Hay personajes que se meten en nuestras vidas y permanecen en ellas sin saber exactamente qué artilugios utilizan para hacerlo. Son esos que componen la banda sonora, y visual, y espacial, y perceptiva de nuestra hoja de ruta, como le llaman ahora, ilustrando las casillas del recorrido así, una tras otra. Para muchos de nosotros, Andreu Alfaro ha sido uno de estos personajes. Desde los tiempos de Publipres ha jalonado nuestros escenarios con dibujos, ilustraciones, logotipos, esculturas, con palabras, amistad y compromisos, que sentíamos próximos, y que formaban ese paisaje que permanece en la ventanilla del vagón mientras viajamos.
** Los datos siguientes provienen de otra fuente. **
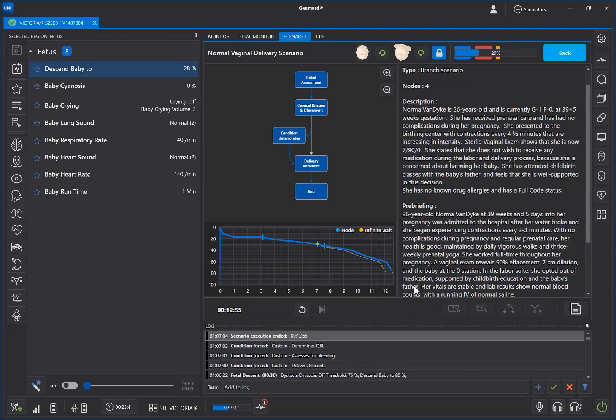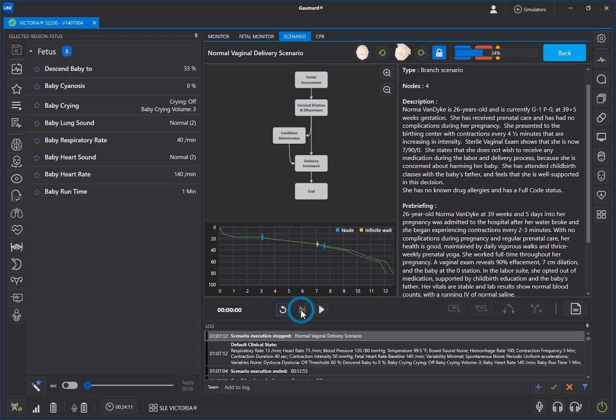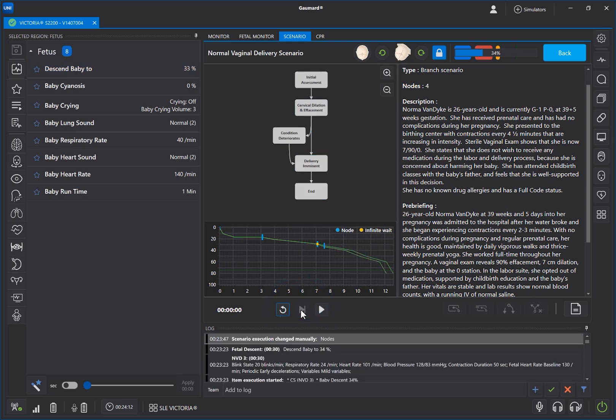When the baby is delivered or when the scenario ends, press the Reset button to return the motor to the starting position. Then you are ready to connect the birthing fetus and start a new labor.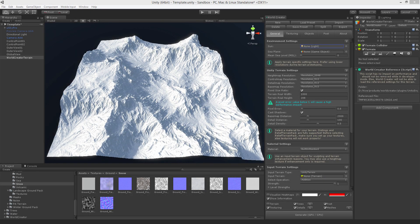Hello, my name is Stefan Krauss from Byte the Bytes, and in this tutorial video I'm going to explain how to use the texturing capabilities of World Creator.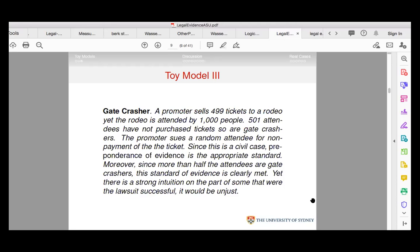Another case called gatecrasher: a promoter sells 499 tickets to a rodeo, yet it is attended by 1000 people — 501 attendees are gatecrashers. The promoter sues a random attendee for non-payment. Since it's a civil case, preponderance of evidence is the appropriate standard, and since more than half the attendees are gatecrashers, this standard is clearly met. Yet there's a strong intuition that were the lawsuit successful, it would be unjust.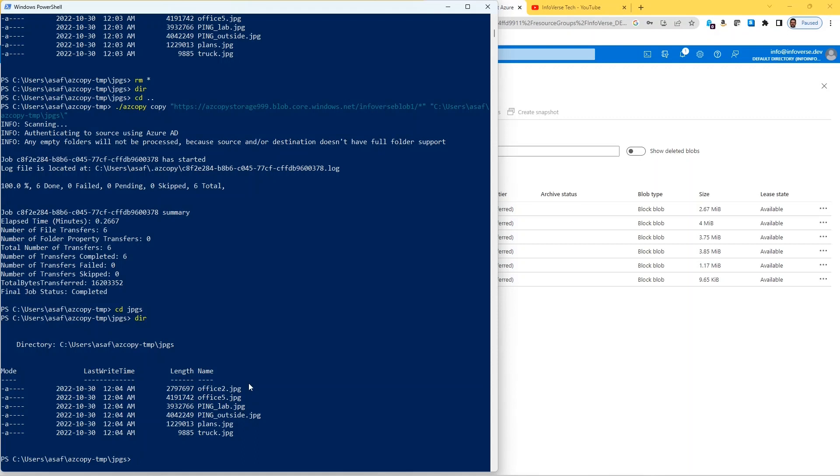So this is a quick demonstration of azcopy and how we can use OAuth using Azure Active Directory to successfully send and receive files between storage accounts and our local machine. Thank you very much for watching, and be sure to check out my other link where I'm using shared access signature to essentially do the same functionality. Thank you for watching.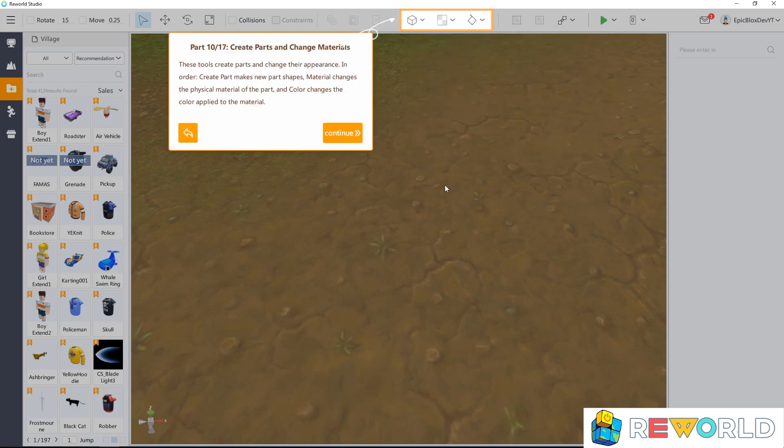These tools create parts and change their appearance. Create part makes new part shapes. Material changes the physical material of the part, and color changes the color applied to the material.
Andreu era especial y espacial, un acompañante en el espacio público. Él no ha tenido bastante con ofrecernos todo su valor artístico, además ha enriquecido lo público, lo ha reinventado, lo cual es noticia ahora que prima lo privado a ultranza. Cuando se insiste en cuestionar lo colectivo como poco rentable, Andreu demuestra con su obra precisamente lo contrario, que lo público es el eje vertebrador de la vida, y el arte, su arte, una pieza imprescindible para esa vida colectiva. No todo se puede privatizar, no todo se puede convertir en mercado y competitividad, aunque se empeñen en ello. Su extenso trabajo es eso, un canto a lo público y una disección del espacio hasta hacerlo comprensible, dimensionarlo y convertirlo en sentimiento; los arquitectos, si abrimos los ojos, tenemos mucho que aprender en esa asignatura complicada y de la que él era maestro. Nos queda el convencimiento de saber que hay cosas que se quedan y que, esté donde esté, Andreu Alfaro seguirá dándonos clases magistrales sobre el espacio público, como siempre ha hecho. Brindo por ello.